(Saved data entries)
▬▬▬▬▬▬▬▬▬▬
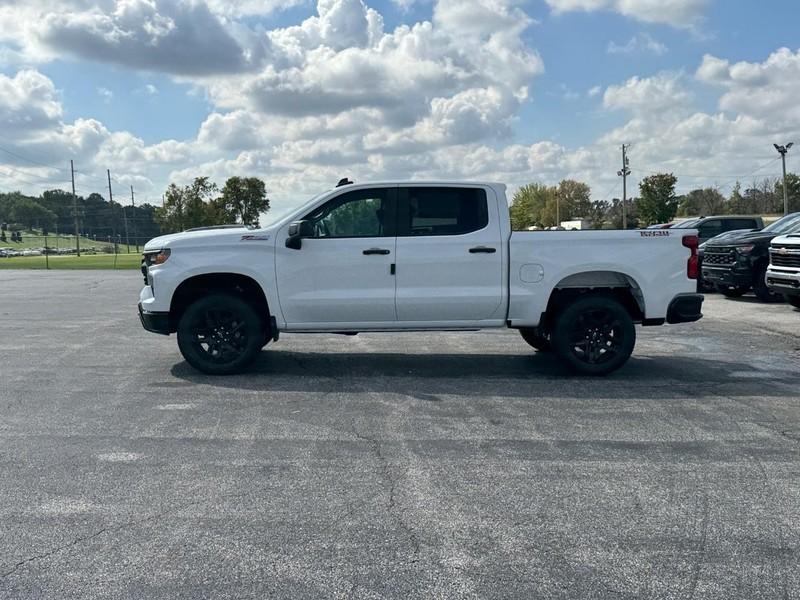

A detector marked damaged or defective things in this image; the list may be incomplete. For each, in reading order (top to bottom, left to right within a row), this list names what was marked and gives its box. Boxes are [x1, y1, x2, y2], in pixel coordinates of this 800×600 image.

cracked pavement [1, 274, 800, 600]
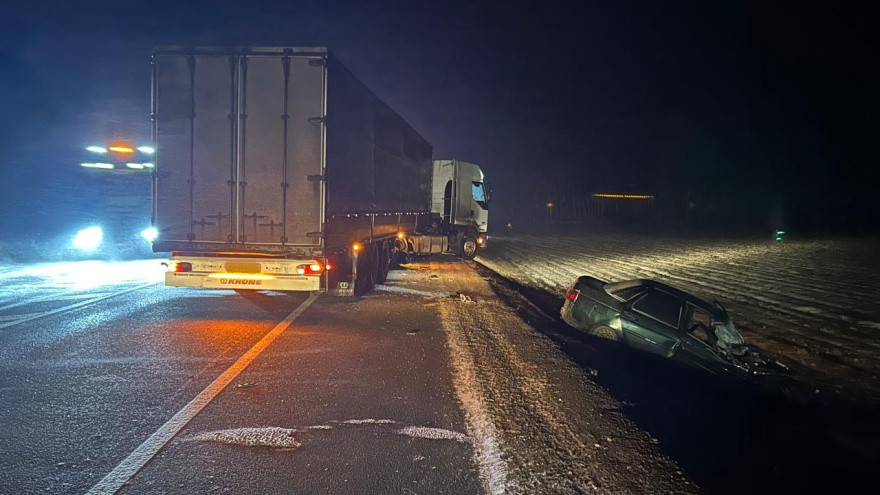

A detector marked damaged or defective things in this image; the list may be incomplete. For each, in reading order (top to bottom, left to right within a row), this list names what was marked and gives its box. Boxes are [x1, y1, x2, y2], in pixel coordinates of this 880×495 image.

crashed sedan [564, 278, 768, 378]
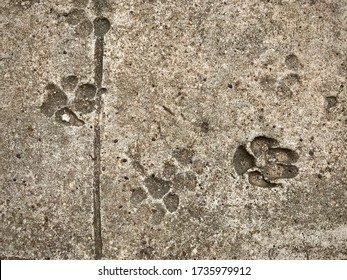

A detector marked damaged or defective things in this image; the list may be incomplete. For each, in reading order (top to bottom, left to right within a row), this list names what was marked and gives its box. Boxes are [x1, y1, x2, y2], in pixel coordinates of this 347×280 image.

vertical crack in concrete [92, 0, 109, 260]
▬▬▬▬▬▬▬▬▬▬
AIM OF THE EXERCISE >>
Pictures in the records above are to be left out of an otherwise exact copy.

TASK ANSWER >>
A detector marked damaged or defective things in this image; the list may be incomplete. For each, in reading order (top to bottom, left to right within a row), this list names what was marked and gives its box. Boxes are [x1, y1, x2, y2], in pixel coordinates of this 800×600 image.

cracked pavement [1, 274, 800, 600]

A detector marked damaged or defective things in this image; the list may be incomplete. For each, in reading order (top to bottom, left to right within a row), this list names what was marked and gives its box. Boxes are [x1, y1, x2, y2], in pixel coordinates of this 880×495 image.

crashed sedan [564, 278, 768, 378]

A detector marked damaged or defective things in this image; the list may be incomplete. For each, in reading order (top to bottom, left to right within a row), this list names what was marked and gives its box. Boxes are [x1, y1, x2, y2], in pixel coordinates of this 347×280 image.

vertical crack in concrete [92, 0, 109, 260]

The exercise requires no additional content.